L’all-in di dodici club con l’acqua alla gola. All-in mediatico, s’intende. Perché l’obiettivo è stanare la UEFA dalla sua sordità, non certo più virtuosa rispetto all’avidità dei grandi club denunciata da Ceferin. È una guerra tra ricchi, più o meno: qualcuno diceva che alla fine ci rimettono sempre i poveri. È una guerra tra nobili, più che altro, che vedono con timore un futuro in cui rischiano di essere squattrinati: alla Superlega partecipano i tre club italiani più prestigiosi, ma anche i più indebitati. Stesso discorso in giro per il Vecchio Continente: non è un caso che dall’aderire se ne guardino bene i tedeschi, l’Ajax, il Porto. Beninteso: è sempre una questione di soldi. Il PSG ne rimane fuori non perché sia buono e caro, ma perché ha altri interessi (per ora) da tutelare. Può permetterselo. Chi ha aderito no, e questo è il primo dato da considerare: non ci sono buoni o cattivi in questa storia. Semmai, società che cercano di uscire da un periodo economico devastante, al quale peraltro erano già arrivate nell’ambito di una notevole bolla speculativa. Sono andate parecchio in là, nei loro programmi: per questo, arrivati a tanto non è più un bluff, ma un all-in vero e proprio. Che la UEFA in questo momento sta chiamando.

O parte a settembre o non parte più.
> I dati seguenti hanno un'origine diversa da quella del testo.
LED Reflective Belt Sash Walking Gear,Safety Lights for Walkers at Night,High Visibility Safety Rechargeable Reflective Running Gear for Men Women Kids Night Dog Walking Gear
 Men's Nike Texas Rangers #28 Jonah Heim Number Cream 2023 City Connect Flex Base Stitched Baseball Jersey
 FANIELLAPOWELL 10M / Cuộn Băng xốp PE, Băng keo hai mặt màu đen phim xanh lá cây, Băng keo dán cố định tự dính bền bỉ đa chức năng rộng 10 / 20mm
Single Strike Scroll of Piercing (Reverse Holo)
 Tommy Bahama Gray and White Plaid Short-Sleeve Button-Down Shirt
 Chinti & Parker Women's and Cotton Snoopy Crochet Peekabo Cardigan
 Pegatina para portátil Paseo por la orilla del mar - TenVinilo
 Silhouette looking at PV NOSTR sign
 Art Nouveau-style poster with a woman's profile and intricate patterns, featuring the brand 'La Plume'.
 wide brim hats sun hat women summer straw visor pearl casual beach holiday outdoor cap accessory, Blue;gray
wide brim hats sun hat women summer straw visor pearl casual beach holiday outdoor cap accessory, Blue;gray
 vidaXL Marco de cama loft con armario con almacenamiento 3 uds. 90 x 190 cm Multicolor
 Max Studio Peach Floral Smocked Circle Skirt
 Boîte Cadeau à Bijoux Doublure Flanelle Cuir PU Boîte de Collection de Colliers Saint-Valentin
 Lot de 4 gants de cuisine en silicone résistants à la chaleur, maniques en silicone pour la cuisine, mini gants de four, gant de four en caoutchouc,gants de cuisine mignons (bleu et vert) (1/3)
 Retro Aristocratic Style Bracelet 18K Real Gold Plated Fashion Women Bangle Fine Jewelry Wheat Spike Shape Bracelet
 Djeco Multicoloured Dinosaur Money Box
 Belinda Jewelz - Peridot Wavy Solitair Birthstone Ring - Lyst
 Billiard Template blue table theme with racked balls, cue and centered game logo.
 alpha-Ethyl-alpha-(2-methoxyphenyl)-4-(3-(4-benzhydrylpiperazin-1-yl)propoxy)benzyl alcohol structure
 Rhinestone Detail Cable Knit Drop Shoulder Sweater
Ceferin l’ha detto chiaro e tondo: i legali di Nyon stanno valutando se è possibile escludere sin da subito le società interessate dalla Champions League. Tra oggi e domani i club italiani, inglesi e spagnolo si vedranno senza i “traditori”. Non mancherà chi farà proposte di questo tipo. Sono giuridicamente complicate, forse impossibili, soprattutto a stagione in corso. Per la cronaca, il presidente dell’UEFA conta pure sull’appoggio della FIFA, più sfuggevole di quel che sembra: nessuno dimentica che fino a poco tempo fa Infantino o Ceferin litigavano sul progetto di mondiale per club a 24 squadre, poi naufragato proprio per il boicottaggio degli europei. Ma torniamo a noi: oggi l’UEFA e i club che restano nel suo alveo (perché contrari alla rivoluzione o perché non invitati, ma qui s’aprirebbe una parentesi parecchio lunga) ragionano sulla possibilità di estromettere i 12 scissionisti. Questi ultimi non hanno indicato una data vera e propria per l’avvio della Superlega. Per forza: nonostante la potenza mediatica di un annuncio del genere, la competizione è a tutti gli effetti in una fase embrionale. Ma è davvero pensabile che possa andare oltre settembre? No, perché è difficile immaginare un futuro in cui la Juve e le sue undici sorelle giochino nei campionati nazionali e nelle coppe europee senza aver prima sgombrato una volta per tutte il campo dallo spettro della lega solo per ricchi. Così, delle due l’una: o a settembre la Superlega parte, e il calcio sarà cambiato davvero (in peggio). O a settembre il calcio sarà quello di oggi, la Superlega derubricata in via definitiva dai sogni nel cassetto dei nobili, e in qualche modo i ribelli e l’impero chiamato UEFA saranno riusciti a dividersi la posta.